(RECORDS SHOWN Opens)

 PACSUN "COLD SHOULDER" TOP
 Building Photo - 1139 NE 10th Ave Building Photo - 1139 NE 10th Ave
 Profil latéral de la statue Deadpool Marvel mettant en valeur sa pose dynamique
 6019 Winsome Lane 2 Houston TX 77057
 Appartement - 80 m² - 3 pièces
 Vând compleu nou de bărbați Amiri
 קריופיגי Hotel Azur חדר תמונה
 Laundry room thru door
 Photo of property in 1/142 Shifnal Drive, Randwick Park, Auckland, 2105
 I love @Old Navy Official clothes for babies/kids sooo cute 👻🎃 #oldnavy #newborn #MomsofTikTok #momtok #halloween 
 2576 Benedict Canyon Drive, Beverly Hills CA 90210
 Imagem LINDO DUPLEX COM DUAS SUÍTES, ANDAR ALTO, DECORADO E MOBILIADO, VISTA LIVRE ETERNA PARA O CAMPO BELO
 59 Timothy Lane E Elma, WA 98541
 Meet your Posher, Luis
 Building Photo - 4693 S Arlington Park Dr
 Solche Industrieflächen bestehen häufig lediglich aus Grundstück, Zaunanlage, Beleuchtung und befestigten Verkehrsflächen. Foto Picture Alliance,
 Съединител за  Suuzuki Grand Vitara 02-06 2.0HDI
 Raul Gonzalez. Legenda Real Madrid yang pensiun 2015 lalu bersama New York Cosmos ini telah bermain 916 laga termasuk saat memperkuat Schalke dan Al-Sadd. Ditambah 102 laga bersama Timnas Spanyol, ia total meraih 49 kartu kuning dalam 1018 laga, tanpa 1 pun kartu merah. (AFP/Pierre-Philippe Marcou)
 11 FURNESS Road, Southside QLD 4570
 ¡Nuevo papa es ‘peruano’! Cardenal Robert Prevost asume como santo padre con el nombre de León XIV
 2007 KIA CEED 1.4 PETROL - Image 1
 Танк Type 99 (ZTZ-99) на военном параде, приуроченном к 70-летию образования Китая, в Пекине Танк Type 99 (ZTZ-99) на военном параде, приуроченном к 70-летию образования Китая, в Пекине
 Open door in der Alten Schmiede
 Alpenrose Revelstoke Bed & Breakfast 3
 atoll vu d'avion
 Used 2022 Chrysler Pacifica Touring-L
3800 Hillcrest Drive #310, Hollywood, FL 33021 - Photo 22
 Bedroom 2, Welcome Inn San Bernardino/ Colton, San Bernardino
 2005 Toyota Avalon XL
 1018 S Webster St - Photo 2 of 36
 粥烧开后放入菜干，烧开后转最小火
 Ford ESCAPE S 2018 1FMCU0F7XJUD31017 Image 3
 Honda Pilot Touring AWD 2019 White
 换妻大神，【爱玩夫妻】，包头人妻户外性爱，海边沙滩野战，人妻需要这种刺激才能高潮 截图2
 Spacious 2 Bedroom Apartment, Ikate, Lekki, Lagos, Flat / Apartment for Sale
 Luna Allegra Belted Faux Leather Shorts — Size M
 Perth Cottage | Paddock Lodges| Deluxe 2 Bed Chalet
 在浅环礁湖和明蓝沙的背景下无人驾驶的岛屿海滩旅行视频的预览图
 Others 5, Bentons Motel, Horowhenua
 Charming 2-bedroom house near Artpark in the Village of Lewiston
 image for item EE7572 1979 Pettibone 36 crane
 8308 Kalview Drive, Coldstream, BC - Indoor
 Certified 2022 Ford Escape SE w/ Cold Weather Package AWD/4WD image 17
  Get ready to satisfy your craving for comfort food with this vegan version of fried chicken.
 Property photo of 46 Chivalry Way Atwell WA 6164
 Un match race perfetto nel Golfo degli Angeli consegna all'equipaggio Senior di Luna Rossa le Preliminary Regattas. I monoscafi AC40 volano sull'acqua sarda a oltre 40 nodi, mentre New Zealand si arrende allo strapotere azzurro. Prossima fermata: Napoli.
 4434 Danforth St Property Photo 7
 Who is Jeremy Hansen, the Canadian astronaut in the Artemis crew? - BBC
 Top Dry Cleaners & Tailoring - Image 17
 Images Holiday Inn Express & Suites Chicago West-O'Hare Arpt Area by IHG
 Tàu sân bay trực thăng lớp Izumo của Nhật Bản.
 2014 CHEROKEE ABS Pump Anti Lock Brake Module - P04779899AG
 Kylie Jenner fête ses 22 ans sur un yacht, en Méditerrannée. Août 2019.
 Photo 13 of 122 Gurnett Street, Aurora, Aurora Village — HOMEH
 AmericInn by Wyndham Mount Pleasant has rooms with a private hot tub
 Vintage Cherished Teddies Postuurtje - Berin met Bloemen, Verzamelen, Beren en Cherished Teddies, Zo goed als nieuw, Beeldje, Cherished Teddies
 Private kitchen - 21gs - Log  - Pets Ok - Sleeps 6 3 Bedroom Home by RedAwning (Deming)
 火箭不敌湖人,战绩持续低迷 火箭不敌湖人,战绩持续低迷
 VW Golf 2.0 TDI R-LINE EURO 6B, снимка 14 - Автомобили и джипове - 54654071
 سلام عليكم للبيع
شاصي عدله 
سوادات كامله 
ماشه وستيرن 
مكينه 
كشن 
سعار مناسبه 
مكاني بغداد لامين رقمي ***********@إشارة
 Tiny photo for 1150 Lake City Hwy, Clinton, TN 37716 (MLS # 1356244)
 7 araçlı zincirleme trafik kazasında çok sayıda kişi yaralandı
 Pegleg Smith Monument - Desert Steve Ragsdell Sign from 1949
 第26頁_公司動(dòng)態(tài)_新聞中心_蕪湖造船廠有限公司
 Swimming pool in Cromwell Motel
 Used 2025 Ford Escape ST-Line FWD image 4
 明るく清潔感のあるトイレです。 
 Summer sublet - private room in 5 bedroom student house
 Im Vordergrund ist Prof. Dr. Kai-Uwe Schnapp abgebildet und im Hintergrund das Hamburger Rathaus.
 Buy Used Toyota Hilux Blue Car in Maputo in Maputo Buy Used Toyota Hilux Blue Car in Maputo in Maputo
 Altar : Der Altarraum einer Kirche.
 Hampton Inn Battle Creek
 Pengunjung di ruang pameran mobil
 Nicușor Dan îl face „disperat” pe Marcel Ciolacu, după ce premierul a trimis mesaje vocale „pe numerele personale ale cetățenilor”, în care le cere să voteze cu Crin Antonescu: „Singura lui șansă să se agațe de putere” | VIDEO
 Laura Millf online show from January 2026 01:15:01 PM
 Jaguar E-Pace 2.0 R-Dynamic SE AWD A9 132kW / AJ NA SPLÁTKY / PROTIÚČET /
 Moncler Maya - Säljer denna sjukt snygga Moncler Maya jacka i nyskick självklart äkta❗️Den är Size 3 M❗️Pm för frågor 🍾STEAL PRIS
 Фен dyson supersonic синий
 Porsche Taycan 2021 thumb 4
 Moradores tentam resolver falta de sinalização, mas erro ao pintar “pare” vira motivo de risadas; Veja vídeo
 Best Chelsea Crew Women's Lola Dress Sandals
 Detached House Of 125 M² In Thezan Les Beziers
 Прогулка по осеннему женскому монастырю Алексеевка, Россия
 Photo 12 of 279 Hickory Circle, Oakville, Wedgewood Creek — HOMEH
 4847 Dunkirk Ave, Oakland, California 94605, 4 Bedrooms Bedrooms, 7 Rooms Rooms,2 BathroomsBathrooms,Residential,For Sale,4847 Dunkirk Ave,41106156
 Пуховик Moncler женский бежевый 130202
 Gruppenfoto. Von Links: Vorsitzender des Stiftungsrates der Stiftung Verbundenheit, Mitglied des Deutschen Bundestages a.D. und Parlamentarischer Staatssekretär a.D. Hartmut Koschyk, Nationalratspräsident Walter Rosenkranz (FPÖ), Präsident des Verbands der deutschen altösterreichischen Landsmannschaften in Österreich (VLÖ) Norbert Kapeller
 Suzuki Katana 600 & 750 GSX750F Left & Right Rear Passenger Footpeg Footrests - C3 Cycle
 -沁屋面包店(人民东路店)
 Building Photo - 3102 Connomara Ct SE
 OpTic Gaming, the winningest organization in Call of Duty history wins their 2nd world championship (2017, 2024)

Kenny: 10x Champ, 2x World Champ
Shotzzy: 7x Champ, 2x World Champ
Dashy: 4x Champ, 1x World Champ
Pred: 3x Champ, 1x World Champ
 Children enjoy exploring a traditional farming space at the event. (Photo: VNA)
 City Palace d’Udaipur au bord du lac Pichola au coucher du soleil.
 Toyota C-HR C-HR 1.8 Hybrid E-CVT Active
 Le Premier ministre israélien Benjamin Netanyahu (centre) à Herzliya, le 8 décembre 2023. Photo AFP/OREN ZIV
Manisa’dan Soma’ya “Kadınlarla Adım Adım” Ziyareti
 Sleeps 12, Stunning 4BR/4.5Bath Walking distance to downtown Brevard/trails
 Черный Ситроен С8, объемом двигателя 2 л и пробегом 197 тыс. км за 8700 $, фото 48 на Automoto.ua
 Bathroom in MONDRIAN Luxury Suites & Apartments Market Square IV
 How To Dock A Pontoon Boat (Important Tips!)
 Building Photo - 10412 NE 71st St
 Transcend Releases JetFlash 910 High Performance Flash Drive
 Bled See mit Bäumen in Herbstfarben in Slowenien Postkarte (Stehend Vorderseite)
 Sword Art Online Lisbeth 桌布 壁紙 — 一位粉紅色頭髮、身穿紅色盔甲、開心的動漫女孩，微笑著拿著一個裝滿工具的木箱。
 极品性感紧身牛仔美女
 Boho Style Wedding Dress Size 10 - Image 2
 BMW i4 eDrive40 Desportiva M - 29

(RECORDS SHOWN Closes)

* _YOUR OBJECTIVE_:
Please give back only the lines between the first line of the entries and the line with "2005 Toyota Avalon XL", both ends included, word for word.

* _EXERCISE RESULT_:
 PACSUN "COLD SHOULDER" TOP
 Building Photo - 1139 NE 10th Ave Building Photo - 1139 NE 10th Ave
 Profil latéral de la statue Deadpool Marvel mettant en valeur sa pose dynamique
 6019 Winsome Lane 2 Houston TX 77057
 Appartement - 80 m² - 3 pièces
 Vând compleu nou de bărbați Amiri
 קריופיגי Hotel Azur חדר תמונה
 Laundry room thru door
 Photo of property in 1/142 Shifnal Drive, Randwick Park, Auckland, 2105
 I love @Old Navy Official clothes for babies/kids sooo cute 👻🎃 #oldnavy #newborn #MomsofTikTok #momtok #halloween 
 2576 Benedict Canyon Drive, Beverly Hills CA 90210
 Imagem LINDO DUPLEX COM DUAS SUÍTES, ANDAR ALTO, DECORADO E MOBILIADO, VISTA LIVRE ETERNA PARA O CAMPO BELO
 59 Timothy Lane E Elma, WA 98541
 Meet your Posher, Luis
 Building Photo - 4693 S Arlington Park Dr
 Solche Industrieflächen bestehen häufig lediglich aus Grundstück, Zaunanlage, Beleuchtung und befestigten Verkehrsflächen. Foto Picture Alliance,
 Съединител за  Suuzuki Grand Vitara 02-06 2.0HDI
 Raul Gonzalez. Legenda Real Madrid yang pensiun 2015 lalu bersama New York Cosmos ini telah bermain 916 laga termasuk saat memperkuat Schalke dan Al-Sadd. Ditambah 102 laga bersama Timnas Spanyol, ia total meraih 49 kartu kuning dalam 1018 laga, tanpa 1 pun kartu merah. (AFP/Pierre-Philippe Marcou)
 11 FURNESS Road, Southside QLD 4570
 ¡Nuevo papa es ‘peruano’! Cardenal Robert Prevost asume como santo padre con el nombre de León XIV
 2007 KIA CEED 1.4 PETROL - Image 1
 Танк Type 99 (ZTZ-99) на военном параде, приуроченном к 70-летию образования Китая, в Пекине Танк Type 99 (ZTZ-99) на военном параде, приуроченном к 70-летию образования Китая, в Пекине
 Open door in der Alten Schmiede
 Alpenrose Revelstoke Bed & Breakfast 3
 atoll vu d'avion
 Used 2022 Chrysler Pacifica Touring-L
3800 Hillcrest Drive #310, Hollywood, FL 33021 - Photo 22
 Bedroom 2, Welcome Inn San Bernardino/ Colton, San Bernardino
 2005 Toyota Avalon XL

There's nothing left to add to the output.